The price of gas produced from former regulated fields, such as the country’s largest gas field Bowl of CGSBwill hit an all-time high of $6.10 per million British thermal units (mmBtu) from $2.90 per mmBtu currently, according to the Department of Petroleum’s Petroleum Planning and Analysis Cell (cMYP).

The new price, which will likely result in higher CNG and cooking gas rates, will be six months from April 1. Petrol and diesel prices have been increased nine times in the last 10 days totaling Rs 6.4 per liter while LPG cooking gas tariffs have also increased by Rs 50 per cylinder. The latest increase in gas prices will further fuel inflation.

The rate applicable to newer and more difficult domains such as those of Reliance Industries Ltd. in offshore block KG-D6, will fetch $9.92 per mmBtu from April to September, up from $6.13 per mmBtu currently, according to the PPAC notification.

These are the highest prices ever paid to Indian gas producers.

The government sets the price of gas every six months – on April 1 and October 1 – of each year based on the tariffs in force in gas-surplus countries such as the United States, Canada and Russia.

The gas price hike will likely lead to a 10-15% increase in CNG and cooking gas tariffs in cities like Delhi and Mumbai, industry sources said.

Prashant Vasisht, Vice President and Co-Head, Corporate Ratings, ICRA Ltd, said: “The domestic gas price increase was driven by the significant rise in gas prices in global gas hubs. The increase in gas prices relieves the Indians. Upstream producers As at prior prices, gas production was a loss-making proposition for most fields for Indian upstream producers. »

The supply of CNG and piped cooking gas in cities comes from gas produced by ONGC.

Rising prices will also drive up the cost of producing electricity, but consumers may not feel a major pinch as the share of electricity generated from gas is very low.

Similarly, the cost of producing fertilizers will also increase, but as the government subsidizes crop nutrients, an increase in rates is unlikely.

This is the second consecutive price increase and the best US$5.05 paid to ONGC and Oil India Ltd for old fields between November 2014 and March 2015 and US$9.32 for new fields in April-September 2019.

The new tariffs reflect soaring prices at global benchmarks – US-based Henry Hub, Canada-based Alberta Gas, UK-based NBP and Russian Gas as well as Liquefied Natural Gas (LNG) tariffs in 2021 following a supply crisis. with the return of demand after the devastation by the pandemic.

Domestic prices are set based on the one-year volume-weighted average price in these global benchmarks with a one-quarter lag. Thus, the price from April 1 to September 30 is based on the average price from January 2021 to December 2021. This is the period when global rates exploded.

For difficult areas such as discoveries in deep water, ultra-deep water and high-pressure-high-temperature areas, a slightly modified formula is used by incorporating the price of LNG, which had also exploded in 2021.
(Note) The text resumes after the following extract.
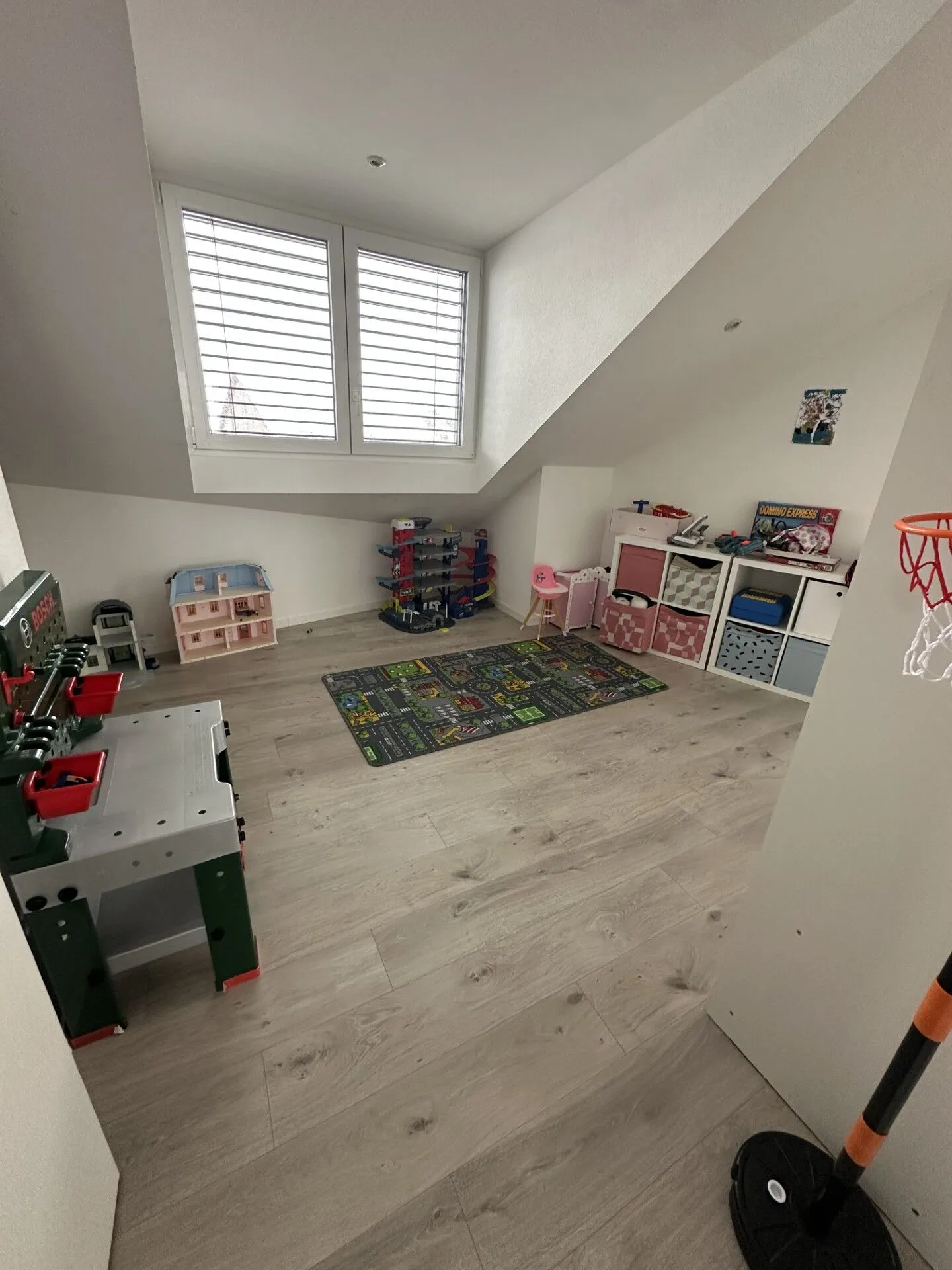4,5-Zimmer-Wohnung im 2. Stock - Foto 3 von 5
KG fields operated by Reliance-bp are classified as difficult fields. These field operators are allowed to discover the market price, but this is subject to a cap set for difficult fields twice a year.
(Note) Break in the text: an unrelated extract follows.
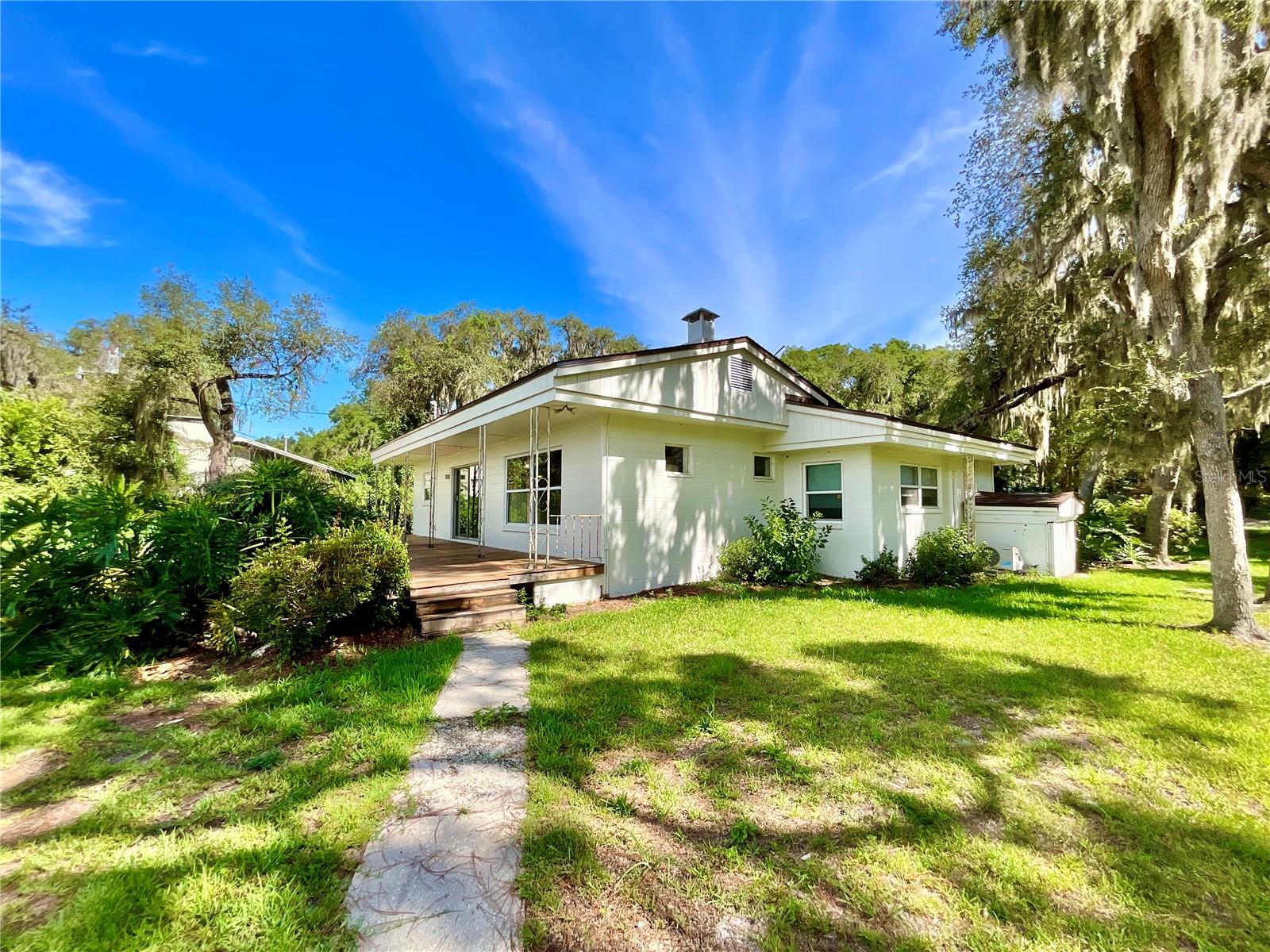 LAKE MCMEEKIN - Residential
For the producers, it will be the first time in six years that they will obtain a remunerative price.

ONGC had suffered losses on the 65 million standard cubic meters per day of gas it produces from domestic fields shortly after the government introduced a new gas pricing formula in November 2014 that had “limits inherent” because it was based on excess gas pricing centres. nations.

The sources said that the ONGC had in several communications to the government stated that the equilibrium price to produce gas from new discoveries was in the range of US$5-9 per mmBtu and that for old fields such as Mumbai High and Bassein it was around 3.6 USD. -3.7 per mmBtu.

The Congress led UPA had approved a new tariff formula for implementation in 2014 which would have increased tariffs, but the BJP-led government abandoned it and introduced a new formula.

The new formula takes into account the annual volume-weighted average of prices prevailing at Henry Hub (USA), National Balancing Point (UK), Alberta (Canada) and Russia with a quarter lag.

The rate at the first review, using the new formula, was $5.05 per mmBtu, but in subsequent semi-annual reviews it continued to decline until it reached $2.48 per mmBtu for the review period. April 2017 to September 2017.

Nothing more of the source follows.